If you have ever driven the 4-hour road trip from Miami south through the Florida Keys to Key West on the two-lane Route 1, you may have noticed portions of a structure over open water on the trip on your right hand and left-hand sides.
Built primarily in the last quarter of the 19th century and the first decade of the 20th century, the Florida Ease Coast RR (FEC) was a project of Standard Oil principal Henry Flagler.
He originally visited Florida with his first wife, Mary; they sought assistance with the health issues she faced. A key strategist who worked closely with John D. Rockefeller building the Standard Oil Trust, Flagler noted both great potential and a lack of services during his stay at St. Augustine. He subsequently began what amounted to his second career, developing resorts, industries, and communities all along Florida’s shores abutting the Atlantic Ocean.
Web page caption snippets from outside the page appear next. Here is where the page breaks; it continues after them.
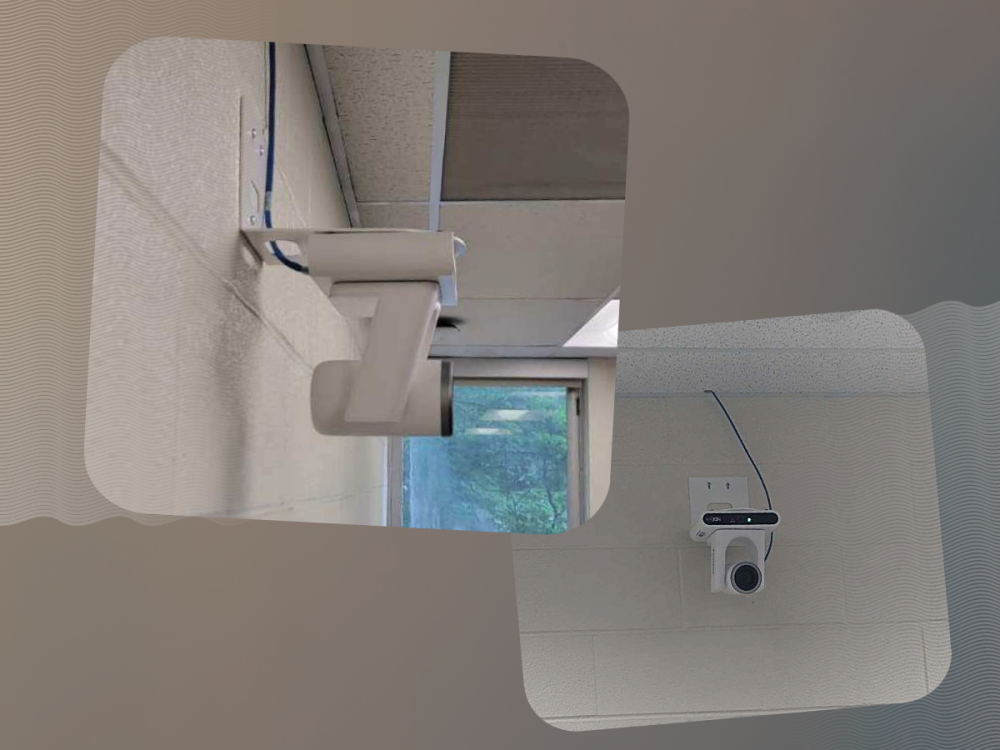 two photos showing front and side angles of wall-mounted video camera in room near ceiling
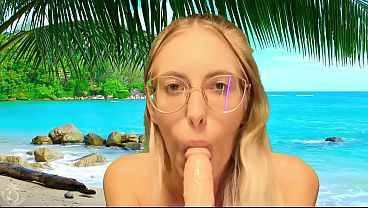 She sucks dildo on beach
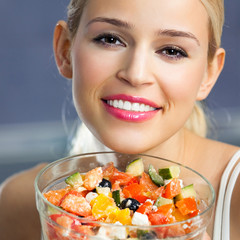 Cheerful smiling woman eating salad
The FEC and Henry Flagler are best known for building the railroad to Key West, a city of almost 20,000 inhabitants located 128 miles beyond the end of mainland Florida. This portion of the railroad, known as the Overseas Railroad, was considered an engineering marvel of its time, the eighth wonder of the world, because its construction took it over miles of open water. A project of this nature had never been undertaken, before, by private interests. Construction began in 1905 and was completed in 1912.
Flagler became particularly interested in linking Key West to the mainland after the construction of the Panama Canal was announced by the United States in 1905. As the closest deep-water port in the United States to the canal, Key West was positioned to take advantage of significant new trade with the west that would be enabled by the opening of the canal – this, in addition to the city’s existing involvement with Cuban and Latin American trade. Key West was a major coaling station for ship traffic between South America and New York. Flagler thought it would be profitable for coal to be brought by railroad to Key West for coaling those ships. Though, by the time the extension was finished, the range of ships had been extended to such a degree that they no longer stopped in Key West for coal. The final link of the Florida East Coast Railway to Trumbo Point in Key West was completed in 1912. On January 22, the first passenger train rode into Key West, marking the completion of the railroad’s oversea connection to Key West and the linkage by railway of the entire east coast of Florida.
The Key West extension was heavily damaged and partially destroyed in the Labor Day Hurricane of 1935. Track, bridges and roadbed were washed away by the hurricane. The Florida East Coast Railway quickly determined that it was financially unable to rebuild the destroyed sections. The roadbed and remaining bridges south of Florida City were then sold to the state of Florida, which built the Overseas Highway to Key West, using much of the remaining railway infrastructure. A rebuilt Overseas Highway (U.S. Route 1), taking an alignment that closely follows the Overseas Railroad’s original routing, continues to provide the only highway link to Key West, ending near the southernmost point in the continental United States. The remaining Long Key Viaduct, Seven Mile Bridge, and Bahia Honda Rail Bridge that once carried the Key West extension still stand and are on the National Register of Historic Places.
Currently, the remaining bridges are utilized as walkways and bike paths for the local residents and tourists. In spite of the destruction caused by the 1935 Hurricane, the cement pilings and arches to support the bridges were so well built, that hurricanes, storms and weather in the following years have had no effect upon them. Talk about repurposing the railroad’s steel rails. These became part of the railings on the walkways and bike paths.